Chicken tenderloins in a creamy sauce with sundried tomatoes will come together quickly and will be loved by your entire family.
This dish was inspired by a recipe I found in EatingWell Magazine from a number of years ago. This dish can be served with any type of side dish; potatoes in any form, rice or another grain like couscous, farro, buckwheat, pasta or any type of vegetable (raw or cooked).
What are the ingredients:
- Chicken. I used chicken tenderloins, but you can use breast, thighs or legs.
- Sundried tomatoes
- Cream, creme fraiche or mascarpone
- White wine or chicken stock
- Salt & pepper
Prepare and cook the Chicken with Sun-Dried Tomatoes
- Sprinkle the chicken with salt and pepper.
- Cook the chicken in olive oil until browned and internal temperature reads 165 degrees F.
- Add chopped shallot and chopped sun-dried tomatoes to pan and cook for a minute.
- Add wine and deglaze.
- Add cream and simmer until thickening.
- Return chicken to pan and coat with sauce.
- Sprinkle with chopped parsley.
- You can use the oil of the sun-dried tomatoes to cook the chicken or your favorite cooking oil.
- If you want more sauce, add more cream.

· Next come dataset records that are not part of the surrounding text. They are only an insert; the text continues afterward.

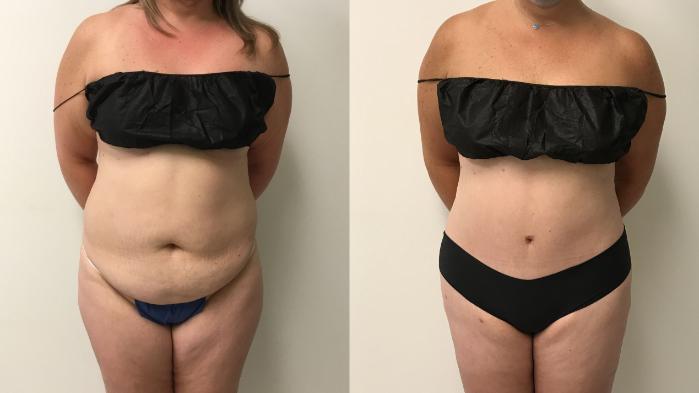 Before & After Tummy Tuck 360 Case 271 Front View in Barrington, Illinois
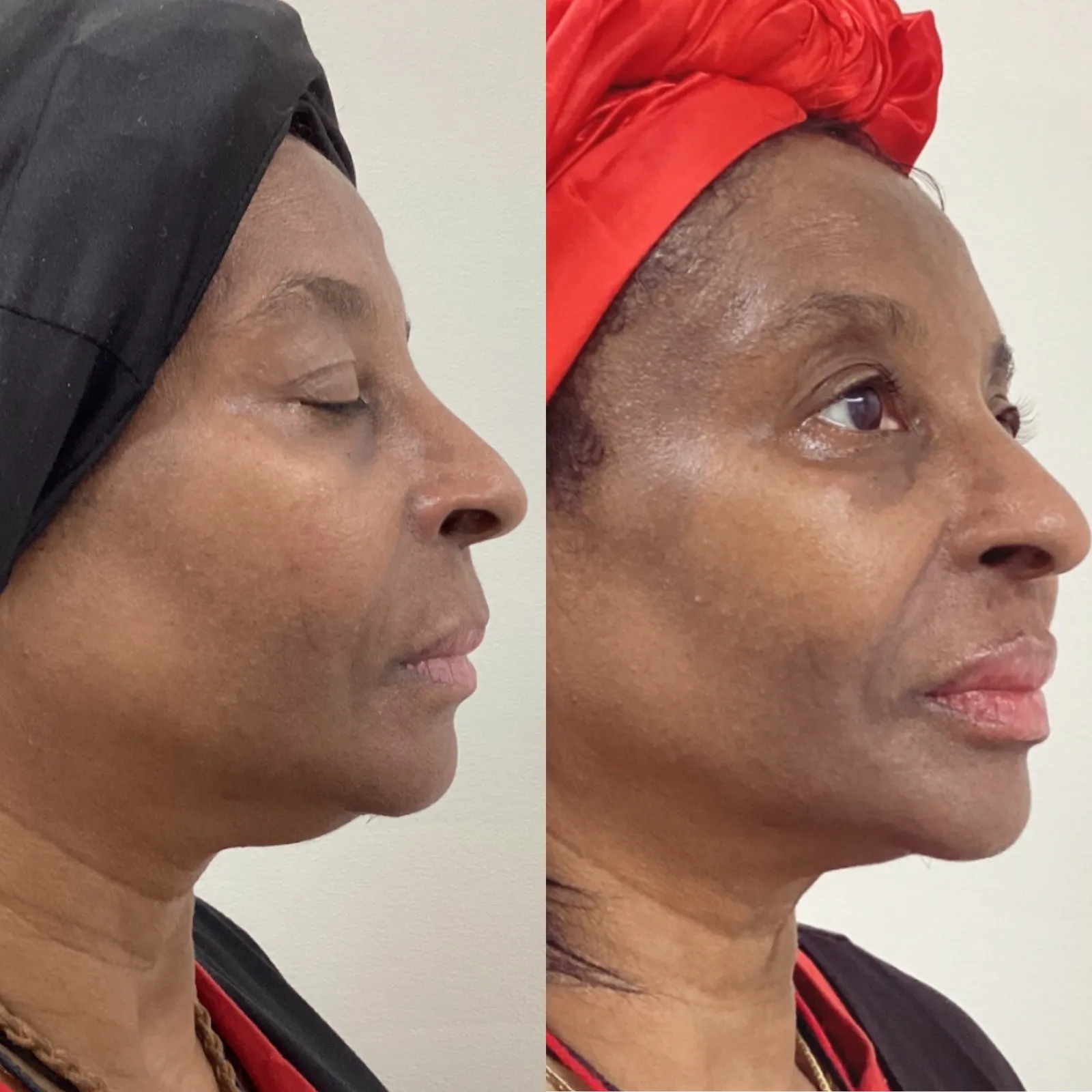 Facial balancing with dermal filler, profile view of the chin and jawline, before and after, at La Miel Aesthetics in Raleigh, NC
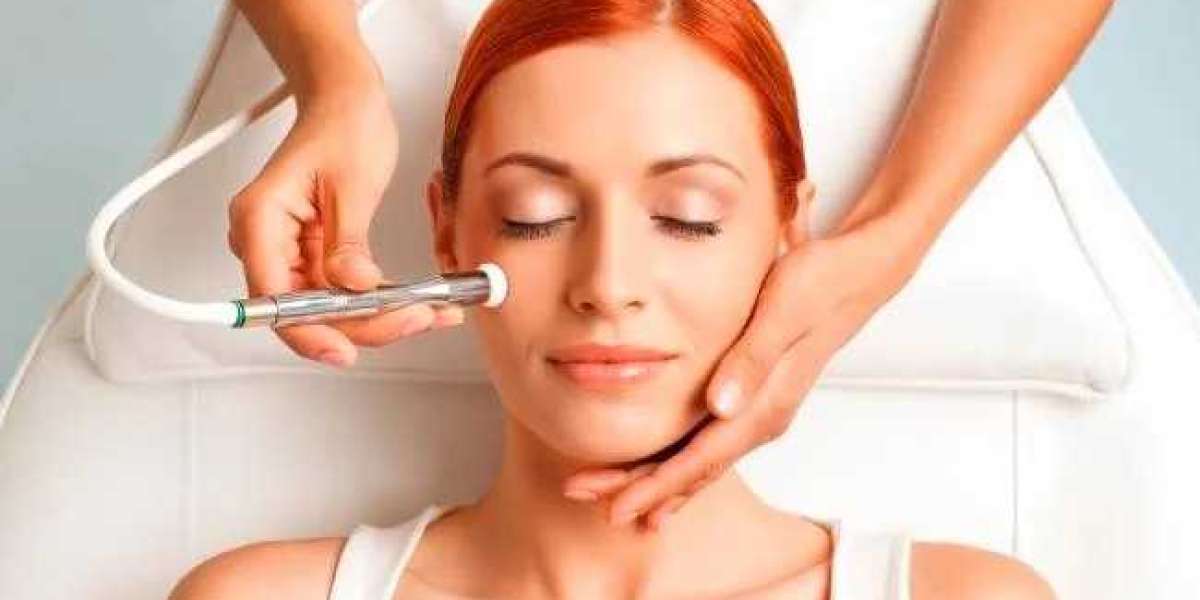 Benefits of Facial Microdermabrasion Treatment in Fort Lauderdale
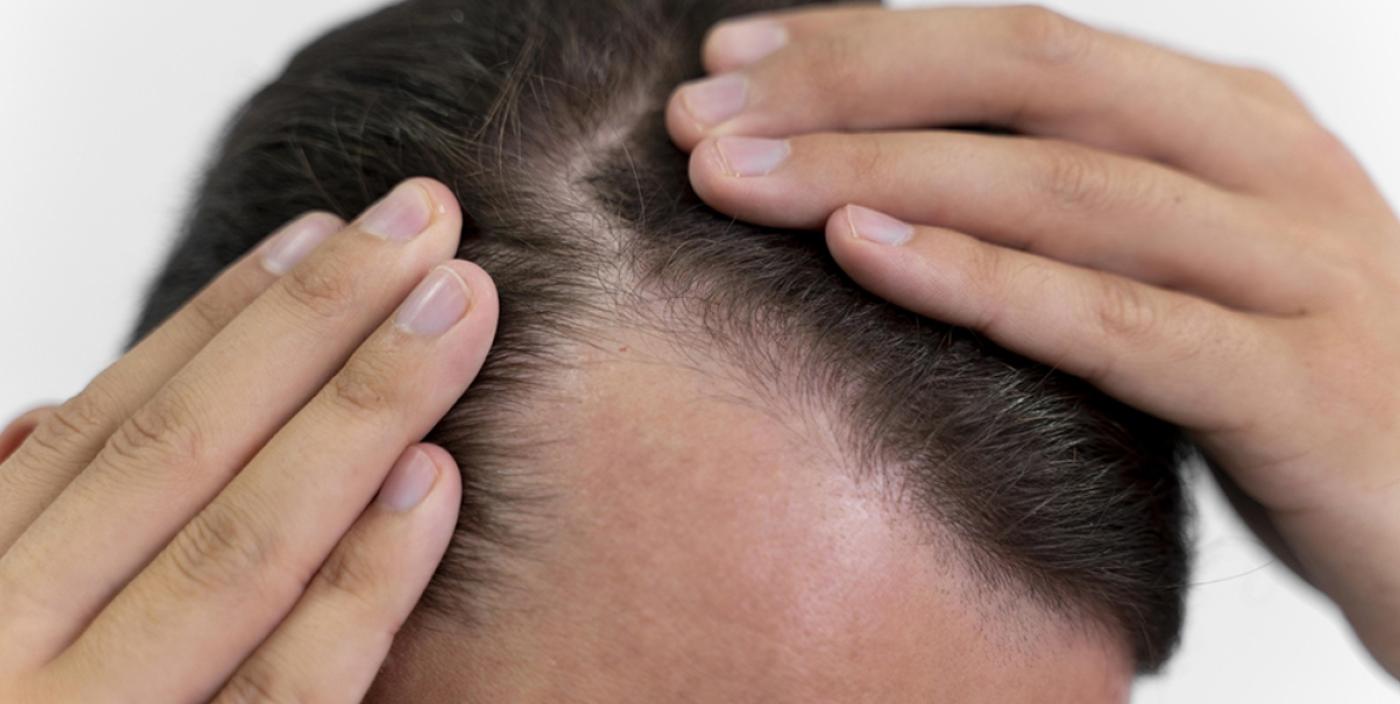 Pattern Baldness
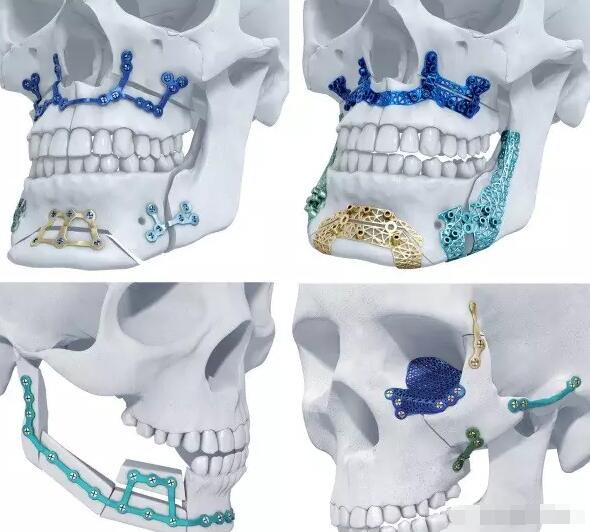 3D 打印新征程：Materialise 與 Feops 的融合創新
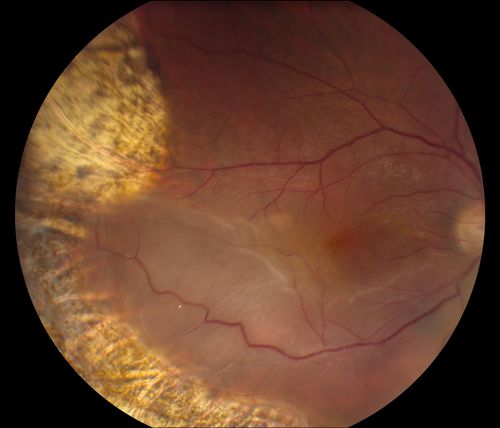 Reoccurring Retinal Detachment
Patient comes in for second opinion for RD in the right eye. Patient's VA was count fingers @ 2-ft in the right eye and 20/20 in the left eye. Patient is aphakic and has had 5- retinal surgeries in the past in the right eye including a scleral buckle. RD present with the macula off. Will consider surgery with silicone oil. 
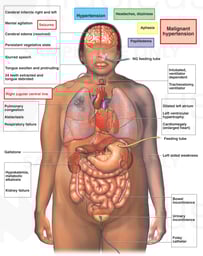 Medical Condition Including Hypertension and Papilledema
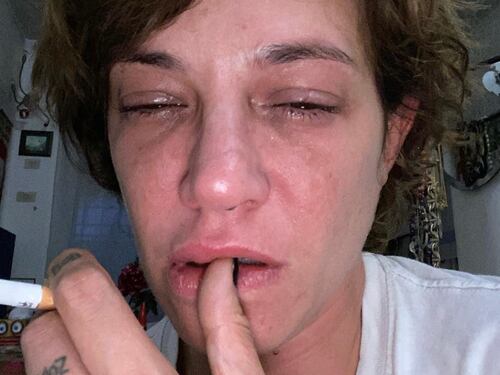 Lo strazio social di Asia Argento: "Volete il dolore? Eccolo"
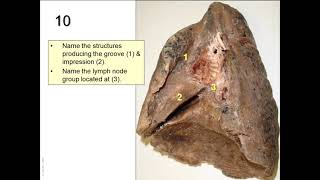 OSPE in anatomy of the respiratory system [upl. by Ainirtac688]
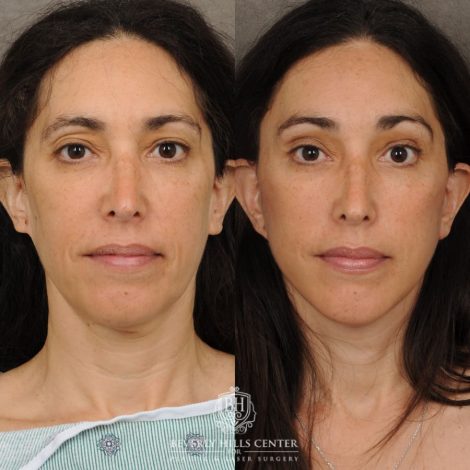 Beverly Hills Center Female Patient Before and After Auralyft, Chin Implant, Brow Lift, CUPID LIFT® Lip Lift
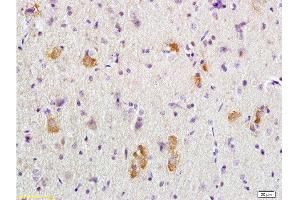 Formalin-fixed and paraffin embedded rat brain tissue labeled with Anti-APC/Adenomatous Polyposis Coli Polyclonal Antibody, Unconjugated  at 1:200 followed by conjugation to the secondary antibody, (SP-0023), and DAB staining (APC antibody  (AA 2751-2843))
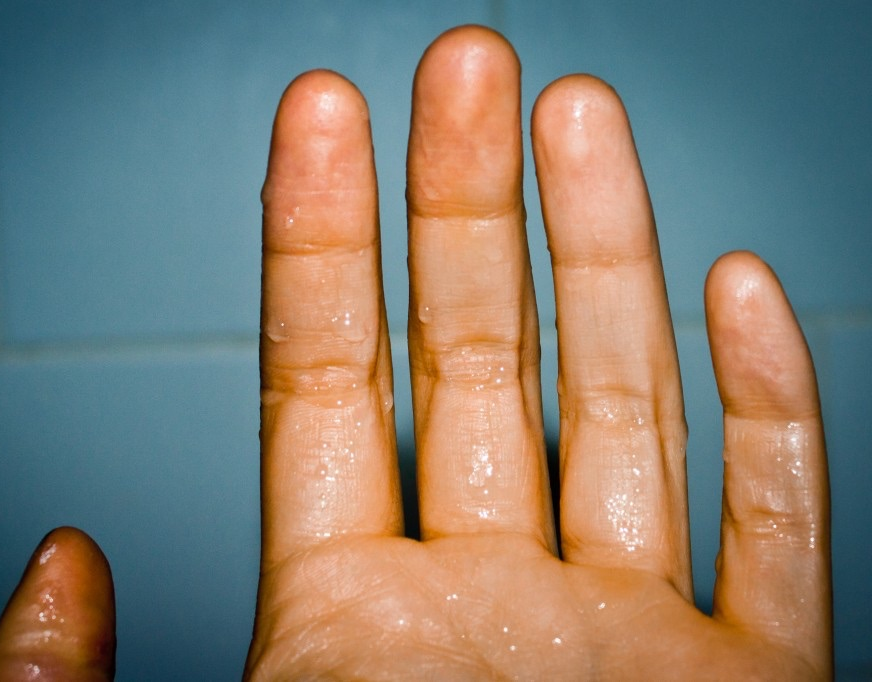 От чего потеют руки. Обваренное палец человека. 4 На пальцах врачей.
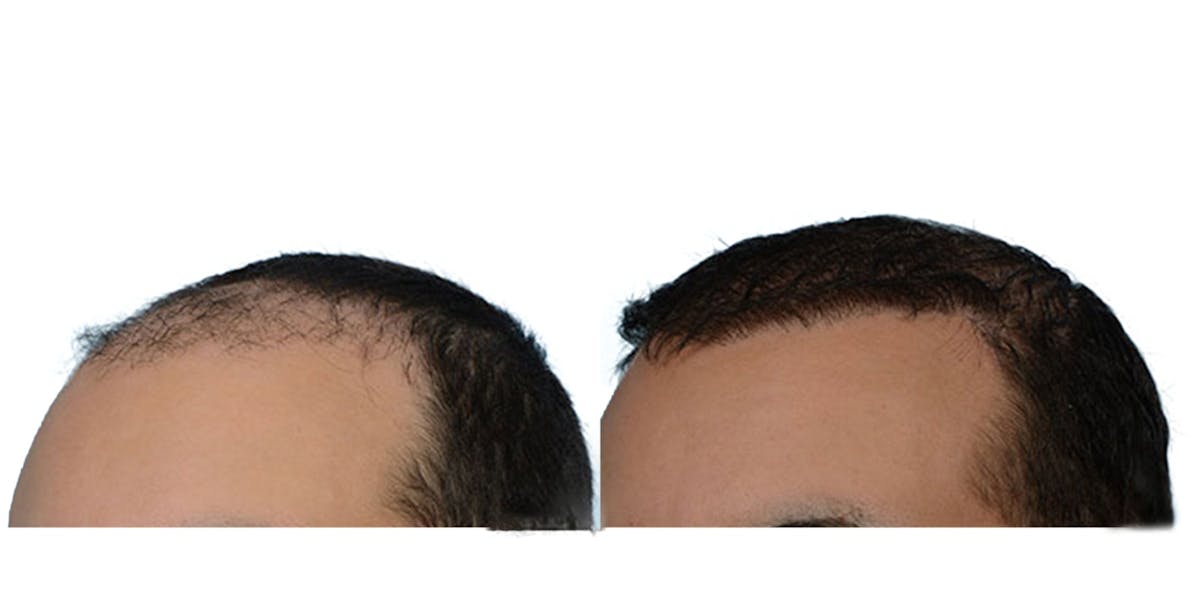 Hair Restoration Before & After Gallery - Patient 307898 - Image 4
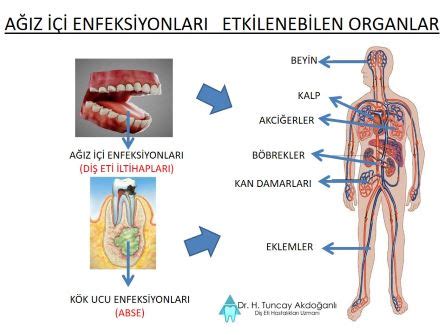 kanal tedavisi sonrası zonklama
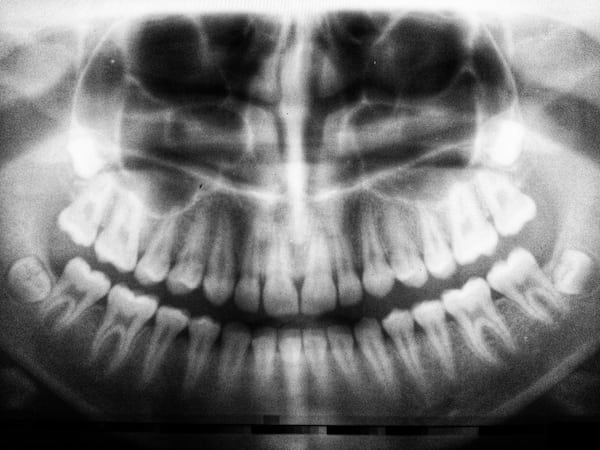 dental panorama xray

I like creamy sauces, but in this case the chicken and tomatoes deserve the prime spot over the cream.
Try to match sundried tomatoes with cheese, like this recipe: Gorgonzola Risotto with Sundried Tomatoes.
I hope you will try this recipe. Use the tag #agourmetfoodblog when posting a picture of your recipe, and make sure to follow @agourmetfoodblog on Instagram!
Chicken with Sundried Tomatoes
- 8 ounces chicken (NOTE 1)
- salt & pepper
- 1/4 cup sundried tomatoes finely chopped
- 1/4 cup shallot finely chopped
- 1/4 cup white wine
- 1/4 cup cream (NOTE 2)
- parsley chopped
- Salt and pepper the chicken.
- Heat the oil in a skillet over medium heat and add the chicken.
- Cook until lightly brown at all sides and until the internal temperature read about 165 degrees F. Transfer to a plate. (NOTE 3)
- Add the chopped shallot and sundried tomatoes to the skillet. Add oil if needed. Stir to avoid burning and cook for 1-2 minutes until onion is soft.
- Add white wine and deglaze the pan. Cook until most of the wine is evaporated.
- Reduce heat and add the cream. Allow to simmer until the cream starts to thicken.
- Add the chicken back into the pan, coat with the sauce and allow to warm a few minutes.
- Sprinkle with chopper parsley.
- You can use, chicken tenderloins, chicken breast, chicken thighs or legs. Please be aware that different parts of the chicken need different cooking times.
- Creme fraiche and mascarpone or even sour cream are perfect alternatives for cream or heavy cream. Creme fraiche and mascarpone can be heated, but sour cream is a last minute addition as this can curdle when heated.
- When you cook the chicken don’t cook it too brown. A dish with a creamy sauce does not need an crunchy chicken.